1999 – With Ferrari number one Michael Schumacher out after breaking his leg in the previous race, his team mate Eddie Irvine rose to the challenge of leading the Scuderia and claimed victory, pushing him into genuine championship contention. He was aided by David Coulthard nudging team-mate and championship leader Mika Hakkinen into a spin at turn 2 on the opening lap, sending Mika to the back of the pack. Irvine jumped Coulthard in the pits and held on for a memorable victory by less than a second from a late charging Coulthard, while Hakkinen sliced his way back through the field to come third.

2003 –Michael Schumacher led from the start, but lost the lead to Juan Pablo Montoya after his car was briefly set alight in the pits after fuel leaked during refuelling. Team mate Barichello had pitted prior to Schumacher, and after a problem with his refuelling rig the team swapped to Michael’s.

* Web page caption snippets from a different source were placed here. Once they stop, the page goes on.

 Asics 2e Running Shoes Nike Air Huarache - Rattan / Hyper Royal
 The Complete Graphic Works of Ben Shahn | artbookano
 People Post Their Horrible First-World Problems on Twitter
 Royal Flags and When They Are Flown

Schumacher came into the pits next, and as the team rushed forward to connect the refuelling hose fuel dripped onto Schumachers car, catching fire. As the crew removed the hose more fuel spilled onto the flames, increasing the blaze and the crew showered the car with fire extinguisher as Schumacher waited calmly to be released, putting his foot down once given the all clear to resume, re-joining in third place behind Montoya and Kimi Raikonen. Schumacher chased down Kimi Raikkonen to take second, and took the lead and a deserved victory after Montoya retired with engine failure while in his sights.

Support Races

There is a full complement of support races on show in Austria as GP2, GP3 and the Porsche Supercup will all provide action in between the F1 sessions.

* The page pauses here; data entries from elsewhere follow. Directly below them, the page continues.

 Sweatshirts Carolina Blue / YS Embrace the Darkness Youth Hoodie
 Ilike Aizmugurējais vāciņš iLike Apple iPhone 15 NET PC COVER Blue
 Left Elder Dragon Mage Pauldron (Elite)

In GP2, no-one seems to want to take control of the championship. Last time out, the leaders stumbled, with Norman Nato losing the lead after failing to register a points finish in Baku having thrown it away at the start of the feature race. Artem Markelov took over the series lead with a 5th place finish in the sprint race after being taken out of the feature race by Arthur Pic. Antonio Giovinazzi hadn’t put a point on the board prior to Baku, but victory in both the feature and sprint races around the streets of Baku put him into third in the overall standings. It was the first time since Bahrain in 2012 that a driver managed to win both the feature and sprint races, a feat managed that weekend by the champion of that season, former Lotus 3rd driver Davide Valsecchi. Sergey Sirotkin finally converted promise into some decent points, coming home second in the feature race. Both he and Alex Lynn, who had a pointless weekend in Baku, will fancy their chances in Austria, where both made the podium behind McLaren’s future star and 2015 GP2 champion Stoffel Vandoorne. Nobuharu Matsushita will be suspended for the Austrian race, having been found guilty of driving in an erratic manner and causing danger to other drivers during the Safety Car period!

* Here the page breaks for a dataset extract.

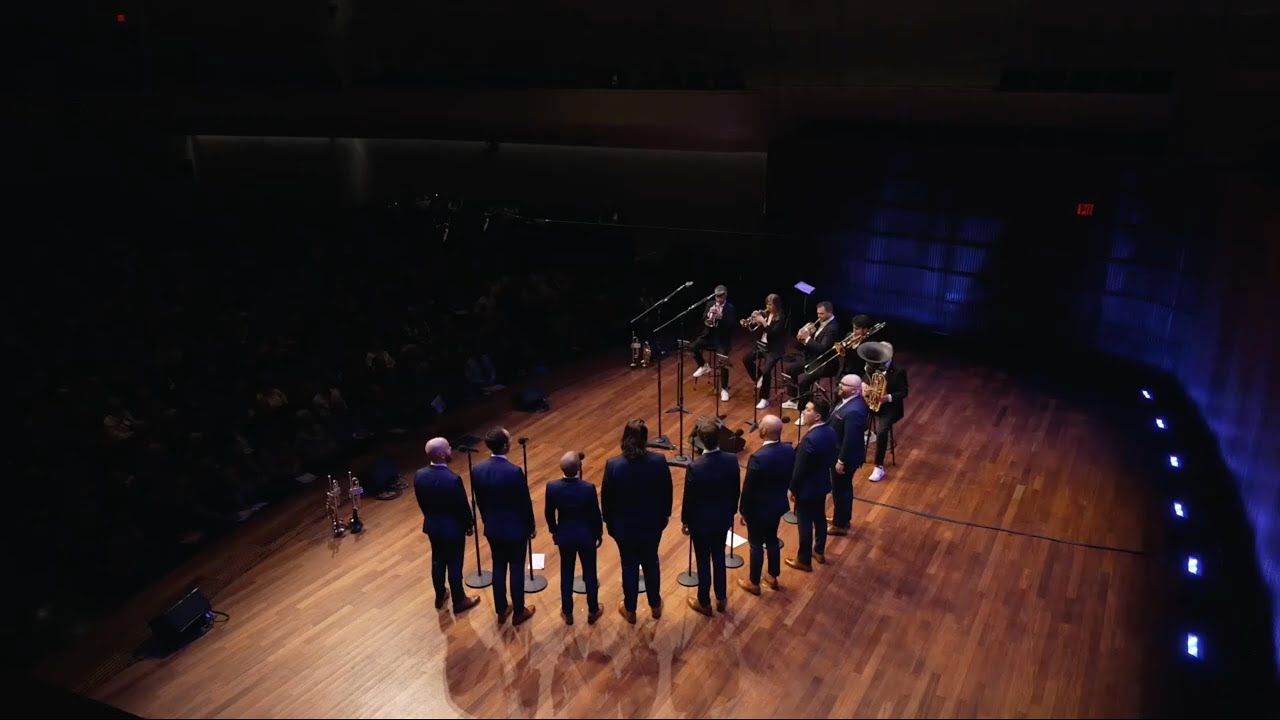 CANTUS & CANADIAN BRASS: Ave Maria by Franz Biebl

GP3 returns for only its second race of the season, after a long gap since the opener in Spain. The drivers had a chance to test at the Spielberg track on 7th/8th June, so those off the pace in Spain will be hoping to be ready to impress. Ferrari driver academy prospect Charles Leclerc, who has recently been boosted by confirmation he will drive in FP1 for Haas on 5 Grand Prix Fridays this year starting at the British Grand Prix, leads the title race after winning the feature in Spain. Leclerc will be highly fancied to record a second straight feature race win to start the season after looking very impressive in the test sessions in Spielberg. His team mate Alexander Albon sits second in the championship after winning the Spain sprint race, while another Ferrari driver academy prospect Italian Antonio Fuoco also posted impressive times during the test sessions and will be hoping to pose a threat for victory.

The Porsche Supercup returns for its third round after entertaining at Spain and Monaco, with Italian Matteo Cairoli winning both the opening rounds to open up a lead over the chasing pack. The teams have been testing in Monza in the gap between rounds 2 and 3, and the race should provide plenty of entertainment as usual.

Previous Results:

Year Driver Constructor
2015 Nico Rosberg Mercedes
2014 Nico Rosberg Mercedes
2003 Michael Schumacher Ferrari
2002 Michael Schumacher Ferrari
2001 David Coulthard McLaren-Mercedes
2000 Mika Häkkinen McLaren-Mercedes
1999 Eddie Irvine Ferrari
1998 Mika Häkkinen McLaren-Mercedes
1997 Jacques Villeneuve Williams-Renault


17 responses to “Circuit Profile: 2016 Austrian Grand Prix – Red Bull Ring – Round 9

  1. Nice wrap-up. Love the overview of historic layouts BT (Before Tilkering). Keep ’em coming!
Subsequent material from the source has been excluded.